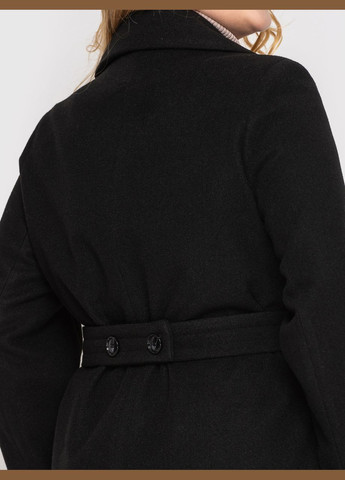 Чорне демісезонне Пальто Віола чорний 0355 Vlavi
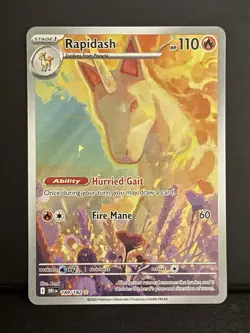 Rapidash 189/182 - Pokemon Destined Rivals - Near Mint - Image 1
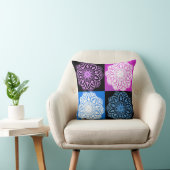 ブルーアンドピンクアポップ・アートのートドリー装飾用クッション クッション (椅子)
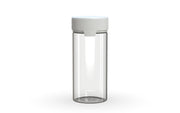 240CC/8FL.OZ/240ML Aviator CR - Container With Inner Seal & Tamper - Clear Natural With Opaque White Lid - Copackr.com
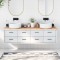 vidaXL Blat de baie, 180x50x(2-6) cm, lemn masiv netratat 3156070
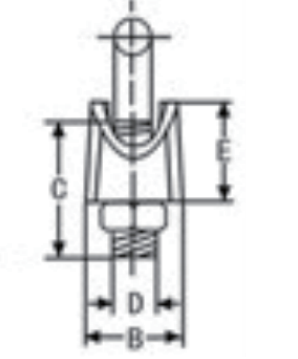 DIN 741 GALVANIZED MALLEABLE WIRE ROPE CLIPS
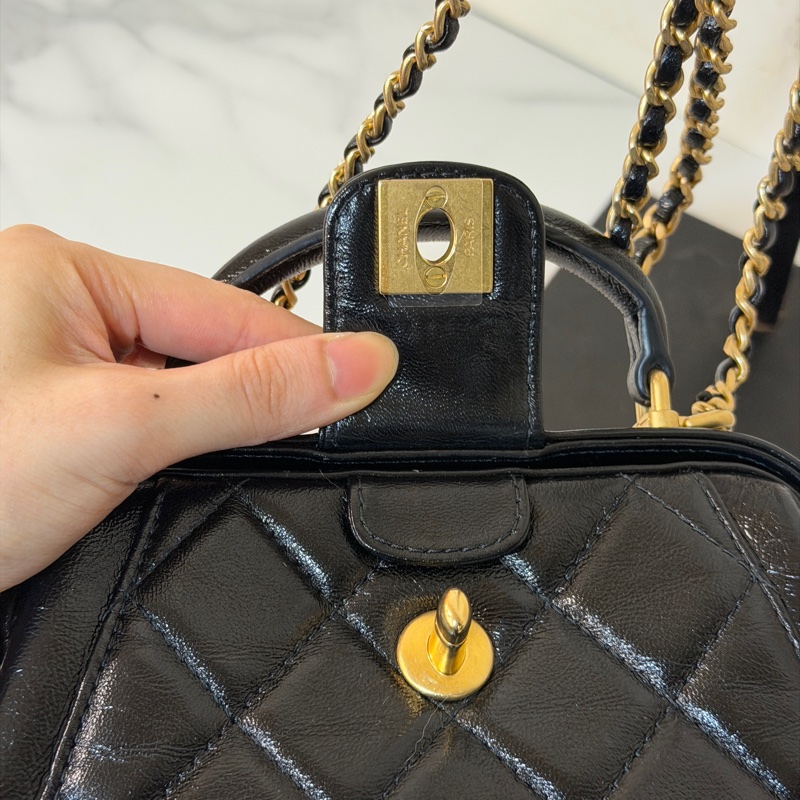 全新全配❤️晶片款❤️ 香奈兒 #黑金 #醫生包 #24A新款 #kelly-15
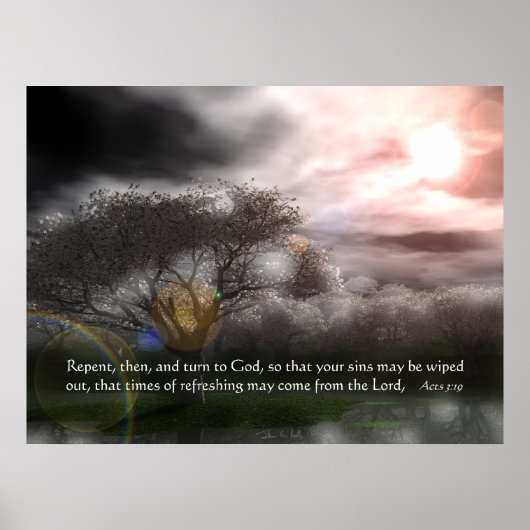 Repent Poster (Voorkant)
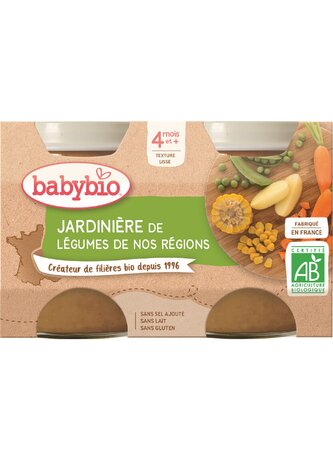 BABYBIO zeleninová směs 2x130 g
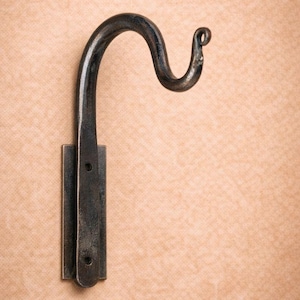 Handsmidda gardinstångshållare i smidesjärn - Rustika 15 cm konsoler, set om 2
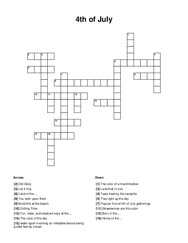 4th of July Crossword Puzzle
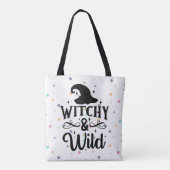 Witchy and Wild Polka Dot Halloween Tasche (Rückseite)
▬▬▬▬▬▬
### Exercise brief
Only the pictures should be left out; write out everything else in the records exactly.

### Exercise result
 Чорне демісезонне Пальто Віола чорний 0355 Vlavi
 Rapidash 189/182 - Pokemon Destined Rivals - Near Mint - Image 1
 ブルーアンドピンクアポップ・アートのートドリー装飾用クッション クッション (椅子)
 240CC/8FL.OZ/240ML Aviator CR - Container With Inner Seal & Tamper - Clear Natural With Opaque White Lid - Copackr.com
 vidaXL Blat de baie, 180x50x(2-6) cm, lemn masiv netratat 3156070
 DIN 741 GALVANIZED MALLEABLE WIRE ROPE CLIPS
 全新全配❤️晶片款❤️ 香奈兒 #黑金 #醫生包 #24A新款 #kelly-15
 Repent Poster (Voorkant)
 BABYBIO zeleninová směs 2x130 g
 Handsmidda gardinstångshållare i smidesjärn - Rustika 15 cm konsoler, set om 2
 4th of July Crossword Puzzle
 Witchy and Wild Polka Dot Halloween Tasche (Rückseite)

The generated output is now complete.